Published on May 23rd, 2020 | by Saša Vujnović0
How Did the COVID-Induced Stock Market Crash Affect the Tech Industry?
The cyclical nature of stock markets is a double-edged sword, and it takes a lot of skill to maneuver around the interchanging bull and bear periods. But when a bull does indeed rear its ugly head, and the stocks go on a downward spiral, it’s not easy to stay calm and composed.
Stock market crash statistics reveal that black swans appear every once in a while. Well, the COVID-19 pandemic triggered one such turmoil, and stocks took a nosedive during the first quarter of 2020.
So, did the stock market crash also affect the tech community? Who are the winners, and what can we expect in the days to come? Let’s find out.
Image by Rick Tap from Unsplash
What Exactly Happened with the Stock Market Crash?
As we said, the stock market is a volatile environment. The value of stocks is in constant motion, but sometimes things get out of control.
The reasons for a stock market crash can be different, and they often include corporate debt or market instability. Of course, the consequences of the market drop can vary as well.
For instance, stock market crash statistics state that the dot-com crash (1999–2000) cost investors a staggering $5 trillion. Likewise, the 2008 market crash destroyed $2 trillion in retirement savings.
In early 2020, the outbreak of the novel coronavirus caused massive instability in current stock markets. The so-called panic-trading began in late February. In March, the New York Stock Exchange stopped trading four times before it closed on March 23.
Lockdown measures stopped the entire world in its tracks, and the same happened to the stock markets. The DOW and NASDAQ indexes have seen a dramatic decline in value. The same goes for the S&P 500 index.
Of course, policymakers are trying to come with all sorts of stimulus measures to revive the economy. Rescue packages are providing an influx of cash that should stimulate the recovery, but the outlook is bleak.
Image from Pixabay
The Effects of COVID-19 on the Tech World
COVID-19 has proved that, in times of crisis, the rich get richer while the poor suffer the most.

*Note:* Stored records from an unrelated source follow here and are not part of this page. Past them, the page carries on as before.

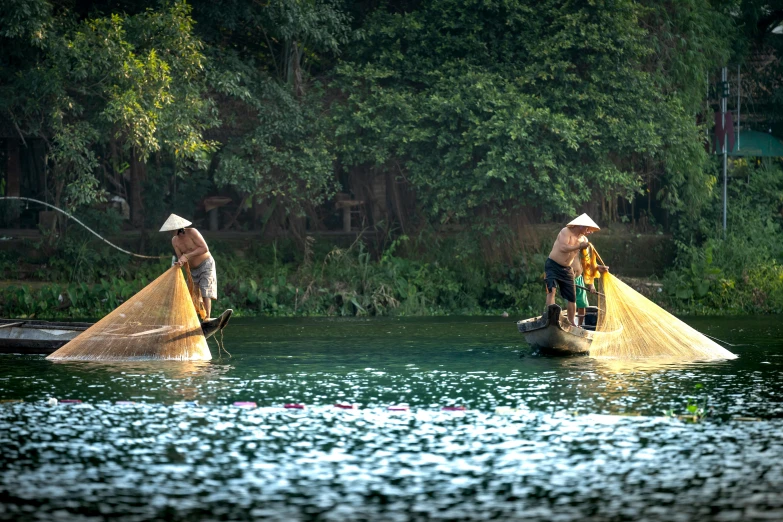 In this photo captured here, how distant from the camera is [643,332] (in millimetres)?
14102

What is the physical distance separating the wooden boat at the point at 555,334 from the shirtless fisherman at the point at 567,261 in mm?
369

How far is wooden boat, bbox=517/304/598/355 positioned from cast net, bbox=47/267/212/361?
416 cm

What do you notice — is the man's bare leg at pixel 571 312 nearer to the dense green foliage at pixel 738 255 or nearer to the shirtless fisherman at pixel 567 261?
the shirtless fisherman at pixel 567 261

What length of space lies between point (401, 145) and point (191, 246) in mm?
8525

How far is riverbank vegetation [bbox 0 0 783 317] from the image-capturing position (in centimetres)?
2153

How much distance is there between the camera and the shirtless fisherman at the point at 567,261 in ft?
48.5

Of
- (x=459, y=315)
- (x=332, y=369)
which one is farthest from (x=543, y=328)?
(x=459, y=315)

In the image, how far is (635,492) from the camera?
23.4ft

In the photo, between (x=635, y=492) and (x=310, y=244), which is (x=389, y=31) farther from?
(x=635, y=492)

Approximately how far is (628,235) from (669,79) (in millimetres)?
3813

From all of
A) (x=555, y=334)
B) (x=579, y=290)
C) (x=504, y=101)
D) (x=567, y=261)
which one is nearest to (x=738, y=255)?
(x=504, y=101)

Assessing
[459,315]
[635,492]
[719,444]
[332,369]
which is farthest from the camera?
[459,315]

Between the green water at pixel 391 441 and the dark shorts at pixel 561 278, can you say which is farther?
the dark shorts at pixel 561 278

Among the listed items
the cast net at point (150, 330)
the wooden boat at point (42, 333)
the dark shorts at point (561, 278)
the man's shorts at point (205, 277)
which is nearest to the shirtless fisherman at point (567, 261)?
the dark shorts at point (561, 278) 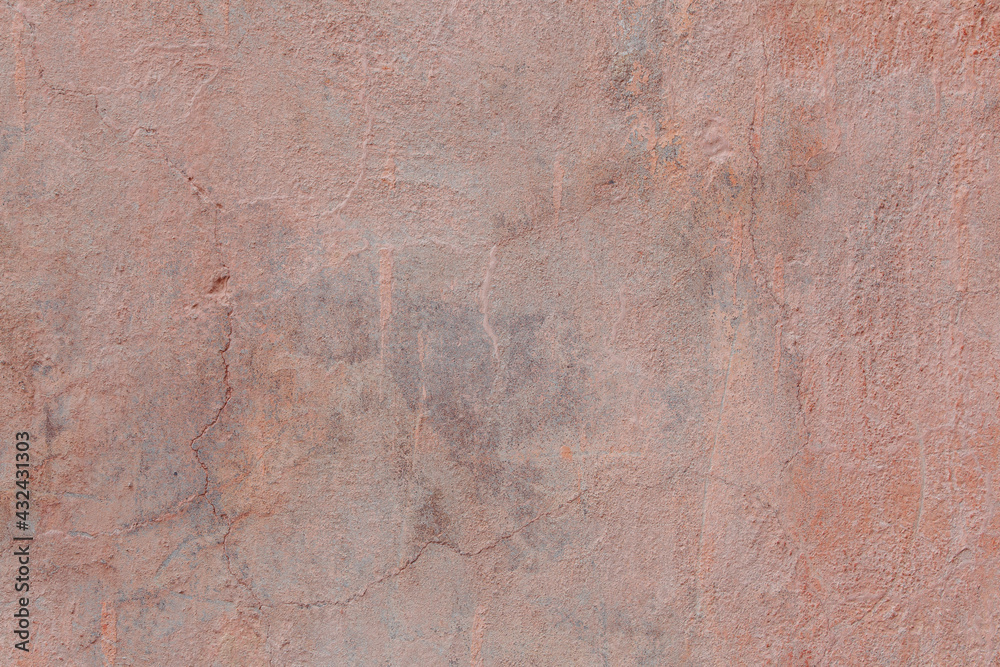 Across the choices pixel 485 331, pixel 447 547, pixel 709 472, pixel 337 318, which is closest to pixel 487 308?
pixel 485 331

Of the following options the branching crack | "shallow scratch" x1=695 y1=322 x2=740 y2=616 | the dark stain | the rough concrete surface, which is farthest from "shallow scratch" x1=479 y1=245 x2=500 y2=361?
"shallow scratch" x1=695 y1=322 x2=740 y2=616

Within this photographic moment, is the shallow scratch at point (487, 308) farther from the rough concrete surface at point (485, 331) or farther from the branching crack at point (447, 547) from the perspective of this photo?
the branching crack at point (447, 547)

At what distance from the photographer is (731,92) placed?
216cm

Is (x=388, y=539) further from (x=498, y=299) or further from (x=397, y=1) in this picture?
(x=397, y=1)

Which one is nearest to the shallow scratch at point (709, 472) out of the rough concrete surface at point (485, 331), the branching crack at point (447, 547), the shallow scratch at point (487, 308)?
the rough concrete surface at point (485, 331)

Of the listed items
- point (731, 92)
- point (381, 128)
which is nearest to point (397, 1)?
point (381, 128)

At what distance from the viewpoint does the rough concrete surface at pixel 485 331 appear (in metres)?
2.13

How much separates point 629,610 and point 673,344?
1034 mm

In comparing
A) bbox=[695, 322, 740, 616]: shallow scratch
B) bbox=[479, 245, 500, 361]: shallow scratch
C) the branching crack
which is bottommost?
the branching crack

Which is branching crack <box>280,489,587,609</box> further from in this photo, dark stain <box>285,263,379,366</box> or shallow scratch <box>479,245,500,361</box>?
dark stain <box>285,263,379,366</box>

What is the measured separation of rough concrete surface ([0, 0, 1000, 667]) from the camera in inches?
84.0

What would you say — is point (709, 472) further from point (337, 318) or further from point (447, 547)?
point (337, 318)

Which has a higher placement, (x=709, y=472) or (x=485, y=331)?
(x=485, y=331)

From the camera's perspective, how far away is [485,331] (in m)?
2.17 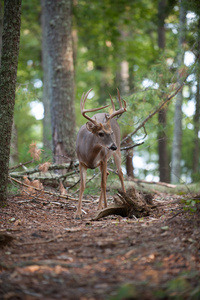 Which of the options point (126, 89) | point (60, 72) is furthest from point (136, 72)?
point (126, 89)

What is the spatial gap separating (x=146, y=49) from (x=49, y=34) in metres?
7.82

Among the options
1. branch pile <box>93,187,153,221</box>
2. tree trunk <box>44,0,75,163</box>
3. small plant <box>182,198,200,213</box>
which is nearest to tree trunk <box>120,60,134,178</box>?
tree trunk <box>44,0,75,163</box>

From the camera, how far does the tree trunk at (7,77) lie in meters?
5.56

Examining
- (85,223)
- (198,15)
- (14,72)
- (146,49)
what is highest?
(146,49)

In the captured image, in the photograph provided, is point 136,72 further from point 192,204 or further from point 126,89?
point 126,89

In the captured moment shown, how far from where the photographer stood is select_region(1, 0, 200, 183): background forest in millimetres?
8125

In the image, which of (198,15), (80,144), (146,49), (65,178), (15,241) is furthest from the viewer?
(146,49)

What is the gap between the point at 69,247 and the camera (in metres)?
3.57

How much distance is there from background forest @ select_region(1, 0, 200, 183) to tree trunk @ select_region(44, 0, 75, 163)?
19.7 inches

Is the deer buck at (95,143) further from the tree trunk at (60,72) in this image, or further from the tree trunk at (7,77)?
the tree trunk at (60,72)

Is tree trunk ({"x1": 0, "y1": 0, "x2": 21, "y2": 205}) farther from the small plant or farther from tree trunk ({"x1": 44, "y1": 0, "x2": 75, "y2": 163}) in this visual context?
tree trunk ({"x1": 44, "y1": 0, "x2": 75, "y2": 163})

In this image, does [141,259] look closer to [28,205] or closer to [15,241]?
[15,241]

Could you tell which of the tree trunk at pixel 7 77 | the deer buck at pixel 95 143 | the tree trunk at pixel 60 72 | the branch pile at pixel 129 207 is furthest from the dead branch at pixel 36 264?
the tree trunk at pixel 60 72

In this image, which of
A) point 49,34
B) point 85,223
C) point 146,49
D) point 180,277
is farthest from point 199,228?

In other words, the pandemic has benefited some corporations but not all of them.
For example, the lockdown caused a spike in demand for e-commerce businesses as well as delivery services.
Also, streaming services have seen a jaw-dropping rise in popularity. Thus, the Netflix market capitalization has climbed to $199 billion, making it worth more than Disney.
A similar situation happened to all the tech companies that enable remote learning or some sort of online collaboration. The most prominent examples are Slack, Skype, or Zoom. In April, the number of daily users of Microsoft Teams jumped from 12 million to 44 million!
On the other hand, tech giants like Uber or Tesla have experienced a massive fall in the value of their shares. In early March, Tesla’s market value plummeted by as much as $14 billion.
Tech companies that focus on traveling (Airbnb) have also seen a staggering drop in demand.
What Awaits the Tech Community in the Years to Come?
Whether they like it or not, the majority of tech companies out there must modify their services to adapt to the pandemic. By doing so, they can stay relevant and boost their market value.
COVID-19 emphasized the need for structural changes, and the enterprises are embracing cloud-based technologies and big data systems. Also, tech firms need to focus on the use of AI as well as the implementation of remote working.
Even though the stock market has seen its fair share of ups and downs over the years, the recent fluctuations set a worrisome trend. In essence, everything points to an upcoming recession.
Nevertheless, stock markets are trying to get back on their feet; slowly but surely. The New York Stock Exchange will accept on-floor traders on May 26, and other stock markets could follow suit.
When it comes to the tech world, it is too early to tell which companies benefited from the pandemic the most. Once the market stabilizes, we will be able to analyze the performance and determine the stock market value of tech firms.